We all know that it is difficult to buy life insurance if you have health problems. Things like hypertension, heart disease, and diabetes are all conditions that make purchasing a life insurance package difficult. Even if you are healthy overall, being overweight can still make it difficult to buy a life insurance policy. Even those who are not clinically obese but just have a little extra weight will find that they have to pay more for their life insurance policies than others. The typical rule of thumb is that the more you weigh, the more you will pay.

It's all about "build"; insurance companies consider your build along with your medical history, lifestyle, and age when considering your application. "Build" is your weight compared with your height. Those offering life insurance have tables they use to compare the two factors to determine the level of risk you pose.

The more weight you carry in proportion to your height, the higher your risk for serious health problems. Life insurance companies are looking for customers who have a long life expectancy. Overweight people statistically are an increased insurance risk due to the fact that they often develop serious health problems as they age. The Journal of the American Medical Association published a study that indicated that 280,000 deaths in America each year are linked to excess weight.

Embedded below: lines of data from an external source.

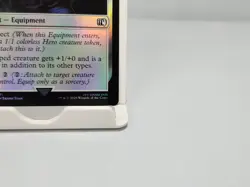 Monk's Fist 265 Foil Final Fantasy FIN MTG - Image 5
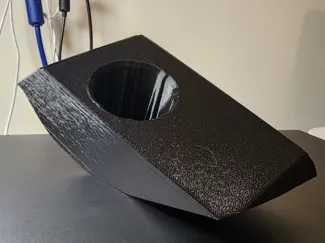 Model Y J1772 Door Dock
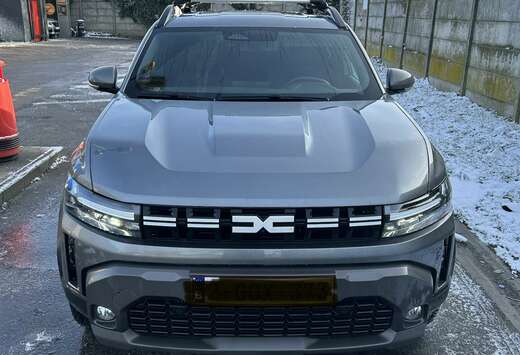 Dacia LPG 1.0 ECO-G Journey +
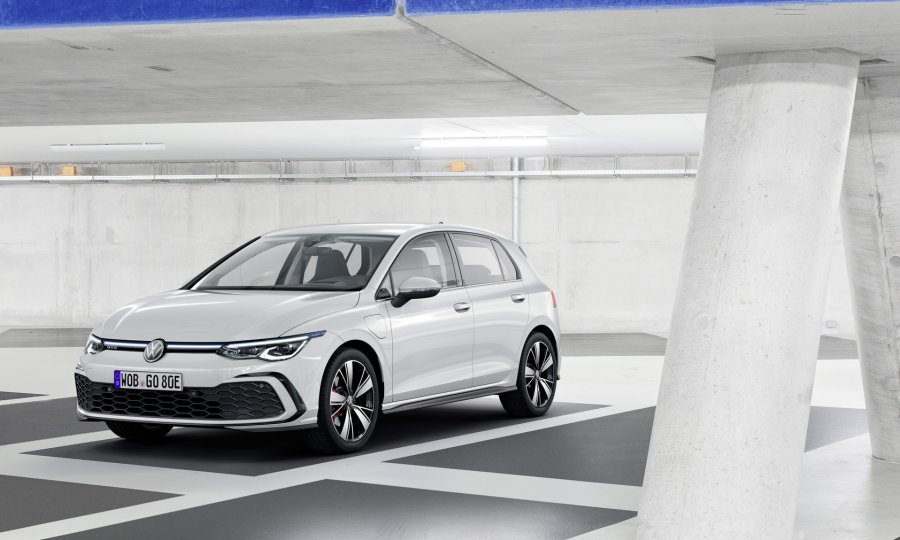 Svjetska prezentacija novog VW Golfa 8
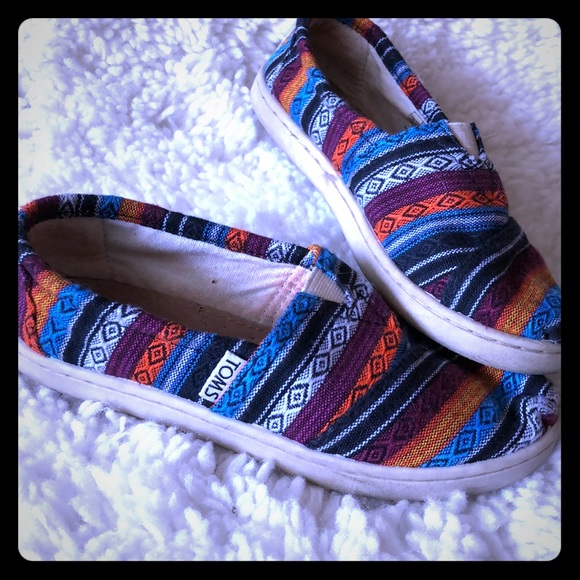 Toms Other - Toms shoes for kids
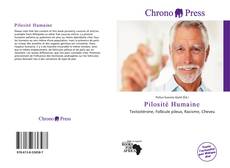 Pilosité Humaine的封面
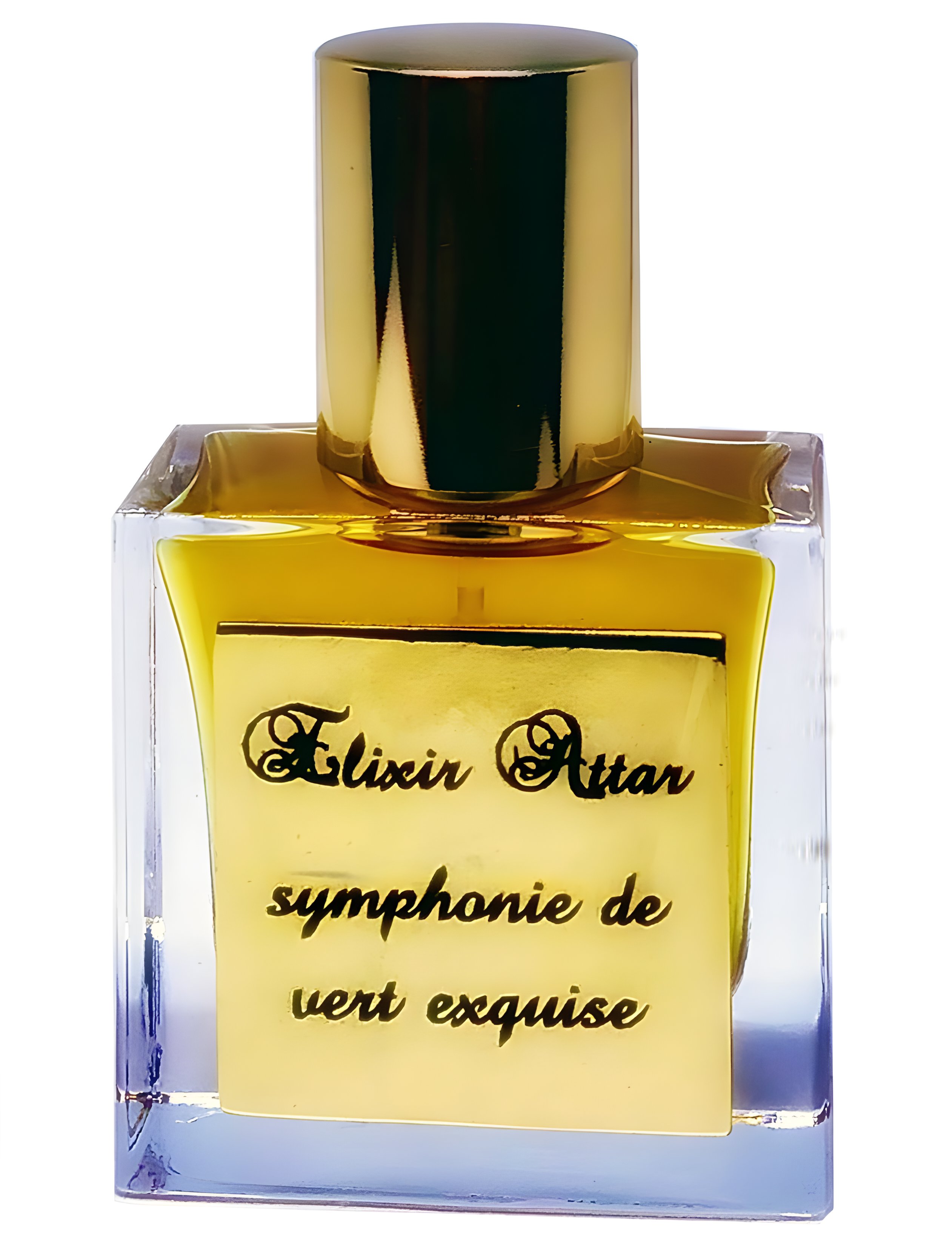 Picture of Symphonie de Vert Exquise fragrance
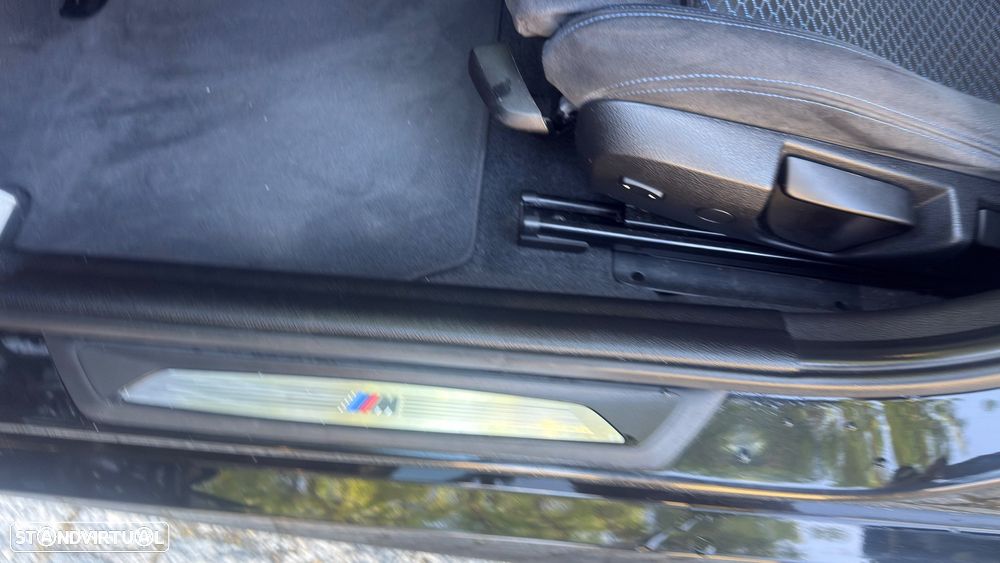 BMW 116 d Pack M Auto - 15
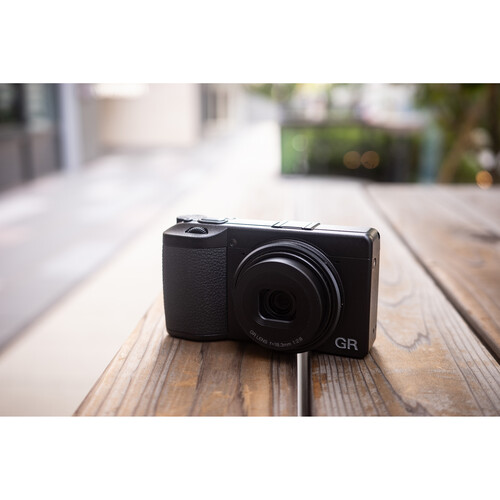 Компактный фотоаппарат RICOH GR IV HDF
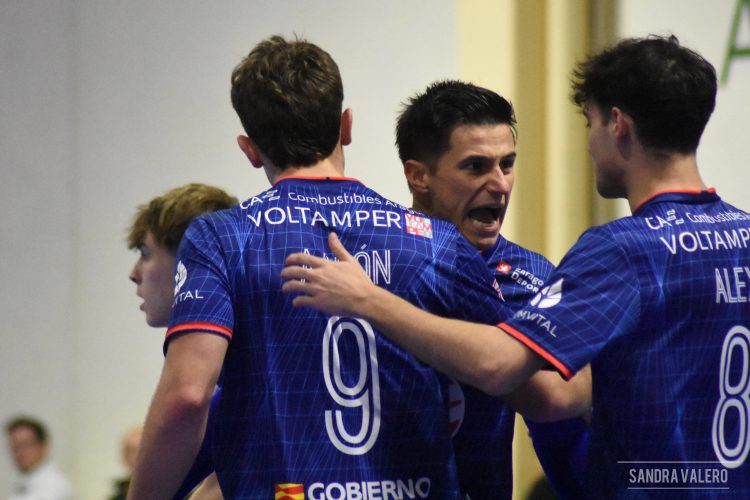 El Entrerríos Zaragoza ‘B’ gana al Castro Urdiales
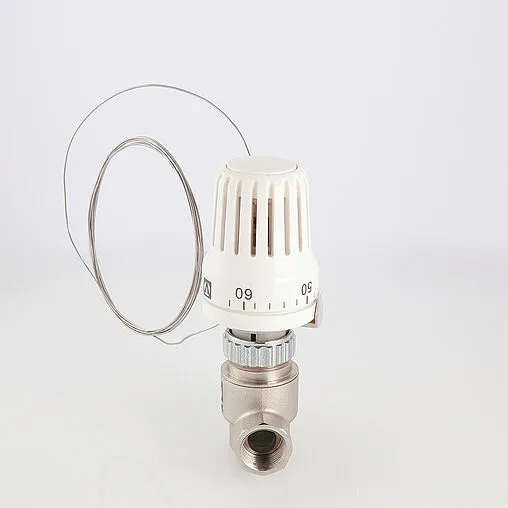 Балансировочный клапан ½&quot;в х ½&quot;в Kvs 2.2 Valtec VT.348.N.04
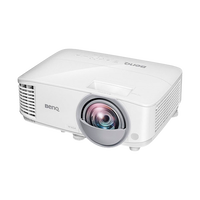 Benq MX808ST 3000LUM XGA Hdmi  Proyector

Americans are getting bigger. The Journal of the American Medical Association (JAMA) recently published a study that said that the Centers for Disease Control and Prevention (CDC) reported obesity rates had climbed from 19.8% of adults in America to 20.9% from 2000 to 2001. This same report indicated that diagnosed cases of diabetes had increased from 7.3% to 7.9% in the same time frame. These increases did not seem to be affected by race, age, sex, or educational level.

Tommy Thompson, the U.S. Health and Human Services Secretary, says "Obesity and diabetes are among our top public health problems in the United States today. The good news is that diabetes and other chronic illnesses can be prevented with modest lifestyle changes."

The more you weigh, the more you'll pay; being just slightly overweight, such as being 10 pounds overweight, will not create much of a difference in your life insurance rates. However, being severely overweight will almost always cause you to have a much higher rate.

Steve Zitney, senior agency consultant with State Farm, states that those who are "grossly overweight or dramatically obese" can be denied life insurance with State Farm, even if they have no other health problems. If someone is significantly overweight but still qualifies for coverage, that person will pay higher premiums than someone with an ideal weight.

For example, a 40-year-old male who is 6-feet tall and weighs 270 pounds will pay 15 to 20% more than the same individual who is at an ideal weight. If the weight increases to 300 pounds, the individual will pay 30 to 35% more according to Mr. Zitney.

This is a common underwriting approach taken by large life insurance providers. David Potter, who is a spokesman for The Hartford, states that those who are 150% of their ideal weight will have to pay more for their premium. Yet again, the heavier you are, the higher your premium will be. According to Mr. Potter, "It's possible to be rejected by weight, but it's rare. Most of the people with weight problems do have other health problems, like high blood pressure and high cholesterol."

Life insurance could still cost you more even if your weight is just moderately more than it should be. You will not be offered the "preferred rate" if you are slightly overweight. This rate is lower and is only offered to people who are healthy. Someone who is 20 to 30 pounds overweight and has no other problems may be able to qualify for the normal rate, but this individual will not be offered the preferred rate.

No matter what type of life insurance plan you are applying for, whether it is a term plan or a whole life plan, your weight will be a factor. Life insurance providers base underwriting on survival mortality. This does not change, no matter what type of policy you are shopping for.

Where the "uninsurable" go; is there hope if you are rejected for life insurance because of weight? Yes, there is. Some companies and agents specialize in helping those who have serious health problems. Obese people can sometimes be insured through a "graded death benefit policy," which changes how much it pays based on how long you live. The longer you live, the more money you will give your beneficiaries when you pass away. If you die in the first year after taking out the policy, your beneficiary will be awarded the premium plus a small 10% interest payment, as an example. However, if you live for two years, the beneficiaries' interest payment increases to 25%. After three years, it increases to 50%. In four years it increases to 75%. After five years, your beneficiaries could see the entire amount if you die; these graded death benefits may only be used in extreme cases. Some companies use tables to determine the type of policy to issue. If you feel that your premiums are too expensive, your insurance company will likely recommend that you lower the death benefit in order to lower the premium amount.